#### WORK REQUEST:
Would you repeat exactly the part of the listing below that runs from the line containing "Номер Deluxe, Rit" down to the line containing "Czaprak MATTES kolor", inclusive, and nothing else?

#### EXERCISE INPUTS:
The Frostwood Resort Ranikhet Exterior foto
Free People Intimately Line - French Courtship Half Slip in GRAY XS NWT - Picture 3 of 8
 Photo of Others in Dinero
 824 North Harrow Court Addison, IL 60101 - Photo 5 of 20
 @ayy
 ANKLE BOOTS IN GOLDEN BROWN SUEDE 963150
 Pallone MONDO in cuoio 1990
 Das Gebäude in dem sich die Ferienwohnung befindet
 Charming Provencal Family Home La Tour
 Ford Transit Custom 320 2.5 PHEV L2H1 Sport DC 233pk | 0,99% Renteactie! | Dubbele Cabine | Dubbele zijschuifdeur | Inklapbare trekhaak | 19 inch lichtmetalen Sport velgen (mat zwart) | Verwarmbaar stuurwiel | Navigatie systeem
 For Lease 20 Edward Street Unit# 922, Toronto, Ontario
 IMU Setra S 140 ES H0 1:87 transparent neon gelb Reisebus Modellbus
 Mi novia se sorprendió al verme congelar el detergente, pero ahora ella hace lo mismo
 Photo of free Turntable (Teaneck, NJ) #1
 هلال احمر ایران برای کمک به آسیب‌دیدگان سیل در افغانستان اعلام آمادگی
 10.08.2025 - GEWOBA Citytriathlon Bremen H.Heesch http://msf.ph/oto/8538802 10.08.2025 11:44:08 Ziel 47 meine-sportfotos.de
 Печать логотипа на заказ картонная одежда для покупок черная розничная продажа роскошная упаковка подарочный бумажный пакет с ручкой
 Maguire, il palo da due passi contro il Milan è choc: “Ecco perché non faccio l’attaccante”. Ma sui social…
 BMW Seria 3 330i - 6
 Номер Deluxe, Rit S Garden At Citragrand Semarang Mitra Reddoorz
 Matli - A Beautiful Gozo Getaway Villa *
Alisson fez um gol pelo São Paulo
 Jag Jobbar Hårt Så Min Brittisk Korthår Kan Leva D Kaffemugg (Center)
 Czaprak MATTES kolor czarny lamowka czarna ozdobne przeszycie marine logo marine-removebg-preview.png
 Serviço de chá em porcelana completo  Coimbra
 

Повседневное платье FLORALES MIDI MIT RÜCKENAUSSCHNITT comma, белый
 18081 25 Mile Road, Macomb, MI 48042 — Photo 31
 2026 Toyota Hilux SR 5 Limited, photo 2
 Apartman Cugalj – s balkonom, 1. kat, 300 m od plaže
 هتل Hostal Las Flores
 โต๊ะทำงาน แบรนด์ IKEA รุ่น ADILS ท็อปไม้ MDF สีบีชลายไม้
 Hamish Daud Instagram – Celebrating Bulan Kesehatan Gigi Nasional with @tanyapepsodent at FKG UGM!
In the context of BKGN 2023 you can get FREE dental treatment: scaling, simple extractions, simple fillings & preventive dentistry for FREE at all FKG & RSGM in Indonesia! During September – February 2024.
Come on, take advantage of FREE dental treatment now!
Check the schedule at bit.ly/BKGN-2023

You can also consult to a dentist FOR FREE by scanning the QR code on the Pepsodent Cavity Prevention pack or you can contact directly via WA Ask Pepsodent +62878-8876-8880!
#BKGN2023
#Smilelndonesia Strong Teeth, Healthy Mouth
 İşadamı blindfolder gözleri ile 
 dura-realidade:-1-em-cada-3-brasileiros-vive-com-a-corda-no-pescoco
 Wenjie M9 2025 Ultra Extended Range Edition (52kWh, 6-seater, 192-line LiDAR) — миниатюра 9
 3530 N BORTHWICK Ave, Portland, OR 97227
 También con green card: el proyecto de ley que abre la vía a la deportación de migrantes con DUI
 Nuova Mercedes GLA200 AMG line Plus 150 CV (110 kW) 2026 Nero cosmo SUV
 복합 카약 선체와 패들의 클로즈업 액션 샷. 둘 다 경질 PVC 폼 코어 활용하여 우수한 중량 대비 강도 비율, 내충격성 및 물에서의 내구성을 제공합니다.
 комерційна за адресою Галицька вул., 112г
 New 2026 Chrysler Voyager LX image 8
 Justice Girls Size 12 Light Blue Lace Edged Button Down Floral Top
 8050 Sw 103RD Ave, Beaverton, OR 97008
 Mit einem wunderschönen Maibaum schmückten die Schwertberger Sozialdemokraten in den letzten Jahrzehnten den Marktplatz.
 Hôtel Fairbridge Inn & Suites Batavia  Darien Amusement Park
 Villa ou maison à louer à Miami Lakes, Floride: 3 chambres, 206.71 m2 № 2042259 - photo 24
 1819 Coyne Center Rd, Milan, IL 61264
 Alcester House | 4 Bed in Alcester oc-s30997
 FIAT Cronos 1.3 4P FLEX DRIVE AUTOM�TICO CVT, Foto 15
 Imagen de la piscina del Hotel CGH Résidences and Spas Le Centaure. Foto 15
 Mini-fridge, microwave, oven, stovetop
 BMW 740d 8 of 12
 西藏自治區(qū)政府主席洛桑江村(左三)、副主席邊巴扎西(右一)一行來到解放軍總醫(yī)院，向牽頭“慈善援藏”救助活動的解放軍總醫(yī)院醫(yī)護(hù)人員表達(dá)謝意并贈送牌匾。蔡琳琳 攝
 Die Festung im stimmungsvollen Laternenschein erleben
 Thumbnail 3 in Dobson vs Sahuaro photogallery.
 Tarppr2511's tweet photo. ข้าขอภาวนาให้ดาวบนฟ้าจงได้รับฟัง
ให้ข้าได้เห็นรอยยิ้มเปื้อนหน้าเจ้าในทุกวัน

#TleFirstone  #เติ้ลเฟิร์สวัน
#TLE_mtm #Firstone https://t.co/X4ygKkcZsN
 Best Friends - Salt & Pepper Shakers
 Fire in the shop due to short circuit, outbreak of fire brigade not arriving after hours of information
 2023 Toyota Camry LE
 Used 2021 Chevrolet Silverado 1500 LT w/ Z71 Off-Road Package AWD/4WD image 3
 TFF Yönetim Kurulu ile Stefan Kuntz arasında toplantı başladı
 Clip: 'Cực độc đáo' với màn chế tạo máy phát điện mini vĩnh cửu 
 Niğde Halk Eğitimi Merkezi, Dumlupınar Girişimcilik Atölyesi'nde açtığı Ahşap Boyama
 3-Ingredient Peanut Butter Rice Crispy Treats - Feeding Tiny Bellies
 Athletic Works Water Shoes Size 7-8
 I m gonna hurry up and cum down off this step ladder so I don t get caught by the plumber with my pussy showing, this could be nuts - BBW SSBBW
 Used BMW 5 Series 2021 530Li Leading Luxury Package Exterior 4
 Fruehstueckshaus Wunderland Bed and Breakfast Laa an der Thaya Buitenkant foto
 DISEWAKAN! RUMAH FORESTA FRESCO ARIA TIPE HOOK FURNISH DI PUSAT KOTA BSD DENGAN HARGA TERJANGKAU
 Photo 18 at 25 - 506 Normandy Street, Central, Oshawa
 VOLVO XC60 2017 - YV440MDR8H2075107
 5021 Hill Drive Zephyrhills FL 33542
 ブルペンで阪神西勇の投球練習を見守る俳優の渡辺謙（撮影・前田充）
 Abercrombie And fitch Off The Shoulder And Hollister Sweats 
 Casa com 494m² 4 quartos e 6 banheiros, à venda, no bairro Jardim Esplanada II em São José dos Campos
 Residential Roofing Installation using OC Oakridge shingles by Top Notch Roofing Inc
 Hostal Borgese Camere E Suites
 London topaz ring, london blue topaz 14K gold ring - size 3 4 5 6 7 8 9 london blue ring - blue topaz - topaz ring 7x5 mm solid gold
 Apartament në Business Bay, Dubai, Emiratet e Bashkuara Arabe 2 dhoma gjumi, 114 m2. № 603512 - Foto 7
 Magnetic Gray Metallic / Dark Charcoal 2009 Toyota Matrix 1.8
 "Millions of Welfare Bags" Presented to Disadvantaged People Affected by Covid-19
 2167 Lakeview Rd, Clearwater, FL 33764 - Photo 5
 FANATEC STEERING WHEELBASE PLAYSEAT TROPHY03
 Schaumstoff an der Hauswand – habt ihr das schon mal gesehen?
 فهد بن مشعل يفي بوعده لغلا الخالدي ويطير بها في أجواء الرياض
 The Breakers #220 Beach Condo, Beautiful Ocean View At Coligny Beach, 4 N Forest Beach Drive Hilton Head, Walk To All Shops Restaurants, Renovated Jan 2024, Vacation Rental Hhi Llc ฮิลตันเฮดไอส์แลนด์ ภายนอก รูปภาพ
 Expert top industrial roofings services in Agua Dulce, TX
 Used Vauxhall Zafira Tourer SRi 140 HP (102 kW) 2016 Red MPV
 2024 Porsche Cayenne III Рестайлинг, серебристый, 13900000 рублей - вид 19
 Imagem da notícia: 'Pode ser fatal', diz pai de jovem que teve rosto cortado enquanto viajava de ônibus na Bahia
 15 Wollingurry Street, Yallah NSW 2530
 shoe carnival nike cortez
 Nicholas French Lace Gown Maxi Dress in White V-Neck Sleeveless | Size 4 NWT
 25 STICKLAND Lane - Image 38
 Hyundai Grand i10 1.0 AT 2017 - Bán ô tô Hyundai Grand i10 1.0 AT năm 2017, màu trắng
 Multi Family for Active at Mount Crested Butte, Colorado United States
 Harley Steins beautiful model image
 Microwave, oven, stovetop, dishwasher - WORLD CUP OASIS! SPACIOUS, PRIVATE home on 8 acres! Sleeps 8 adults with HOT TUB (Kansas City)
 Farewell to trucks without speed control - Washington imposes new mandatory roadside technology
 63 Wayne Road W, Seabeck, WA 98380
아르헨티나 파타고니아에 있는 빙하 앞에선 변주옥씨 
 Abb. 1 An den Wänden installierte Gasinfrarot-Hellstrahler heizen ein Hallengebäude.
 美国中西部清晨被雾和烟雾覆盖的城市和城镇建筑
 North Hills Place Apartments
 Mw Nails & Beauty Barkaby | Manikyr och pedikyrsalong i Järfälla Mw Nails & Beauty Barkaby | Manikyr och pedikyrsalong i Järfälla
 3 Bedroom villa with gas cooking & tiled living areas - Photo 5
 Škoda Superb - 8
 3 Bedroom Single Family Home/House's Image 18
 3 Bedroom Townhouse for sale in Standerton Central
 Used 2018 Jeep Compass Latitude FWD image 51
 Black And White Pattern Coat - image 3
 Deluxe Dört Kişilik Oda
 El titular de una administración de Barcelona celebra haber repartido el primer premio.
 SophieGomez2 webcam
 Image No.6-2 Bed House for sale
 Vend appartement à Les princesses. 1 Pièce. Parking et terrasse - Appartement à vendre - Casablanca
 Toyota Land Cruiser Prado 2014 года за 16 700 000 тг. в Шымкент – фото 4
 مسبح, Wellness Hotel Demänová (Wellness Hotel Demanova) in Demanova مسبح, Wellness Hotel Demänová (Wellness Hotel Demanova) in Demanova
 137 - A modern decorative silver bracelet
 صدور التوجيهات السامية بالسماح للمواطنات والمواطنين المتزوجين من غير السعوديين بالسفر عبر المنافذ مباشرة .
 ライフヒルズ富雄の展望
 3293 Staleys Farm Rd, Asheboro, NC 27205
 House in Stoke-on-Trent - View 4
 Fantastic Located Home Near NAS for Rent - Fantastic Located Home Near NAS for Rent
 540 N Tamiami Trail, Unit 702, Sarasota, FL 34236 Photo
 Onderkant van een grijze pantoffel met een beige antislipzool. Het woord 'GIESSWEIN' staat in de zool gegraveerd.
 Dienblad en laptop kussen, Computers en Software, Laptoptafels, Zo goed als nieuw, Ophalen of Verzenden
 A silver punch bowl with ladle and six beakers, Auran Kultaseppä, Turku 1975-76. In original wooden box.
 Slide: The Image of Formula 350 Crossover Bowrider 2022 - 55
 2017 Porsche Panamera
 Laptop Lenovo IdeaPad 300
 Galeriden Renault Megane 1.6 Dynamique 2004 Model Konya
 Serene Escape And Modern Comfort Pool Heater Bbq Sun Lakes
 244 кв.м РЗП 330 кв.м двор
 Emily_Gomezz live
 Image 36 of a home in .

#### TASK RESULT:
 Номер Deluxe, Rit S Garden At Citragrand Semarang Mitra Reddoorz
 Matli - A Beautiful Gozo Getaway Villa *
Alisson fez um gol pelo São Paulo
 Jag Jobbar Hårt Så Min Brittisk Korthår Kan Leva D Kaffemugg (Center)
 Czaprak MATTES kolor czarny lamowka czarna ozdobne przeszycie marine logo marine-removebg-preview.png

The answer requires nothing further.